Затем они обсудили вкратце содержание бесед предыдущего дня — что-то вроде протокола, только устно, в форме диалога. Определили повестку дня. Тимэй, гражданин города Локре, выступает на тему о строении Вселенной. Гермократ вносит предложение, чтобы перед началом беседы Критий повторил при всех присутствующих «одно древнее предание», «что и вчера, как только пришли отсюда в гостиное помещение к Критию, где остановились, да и раньше того, на пути, мы опять рассуждали об этом».

И Критий начал рассказ.

«Выслушай же, Сократ, сказание, хоть и очень странное, но совершенно достоверное, как заявил некогда мудрейший, из семи мудрых Солон. Он был родственник и короткий друг прадеду нашему Дропиду, о чем и сам нередко упоминает в своих стихотворениях. Дропид сообщал нашему деду Критию (Старшему. — Автор), а старик Критий передавал опять нам, что велики и удивительны были дела нашего города, теперь от времени и гибели человеческих поколений пришедшие в забвение; но из всех величайшее было одно, припоминанием которого можем мы теперь прилично выразить тебе нашу благодарность и вместе с тем при настоящем празднестве достойно и истинно, не хуже, чем гимнами, восхвалить самое богиню...

Сократ. Хорошо сказано. Но о каком же это древнем деле рассказывал Критий, в значении не только предания, но и подвига, некогда, по сведениям Солона, действительно совершенного этим городом?

Критий. Я сообщу тебе древнее предание, которое слышал не от молодого человека, потому что Критию было тогда, по его словам, уже под девяносто лет, а мне — много что десять».

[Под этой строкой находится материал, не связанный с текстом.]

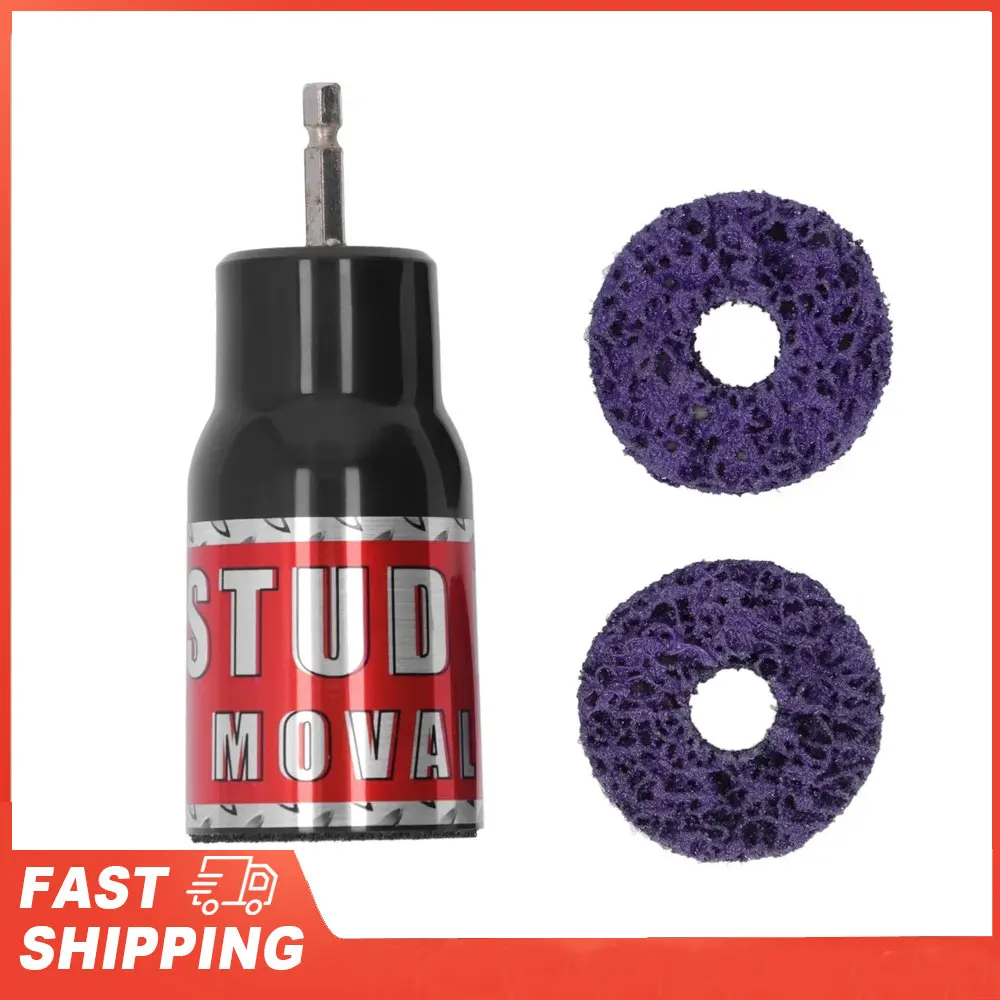 

Инструмент для удаления ржавчины с шпильками, очиститель ступицы колеса для гаечных ключей 1/2 дюйма, инструмент для очистки электрической дрели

Критий, видимо, говорил без записки. К выступлению подготовился ночью, после беседы, происшедшей накануне. Ему казалось, что он не сумеет как следует воспроизвести то, что «случилось так давно». Однако «сведения, приобретенные в детстве, имеют, по пословице, какую-то чудную силу». Поэтому он вспомнил рассказ Солона со всеми подробностями, так как Критий Старший «охотно наставлял меня по всем вопросам, какие то и дало я задавал ему; так что все запечатлялось во мне неизгладимо, как бы в выжженных чертах».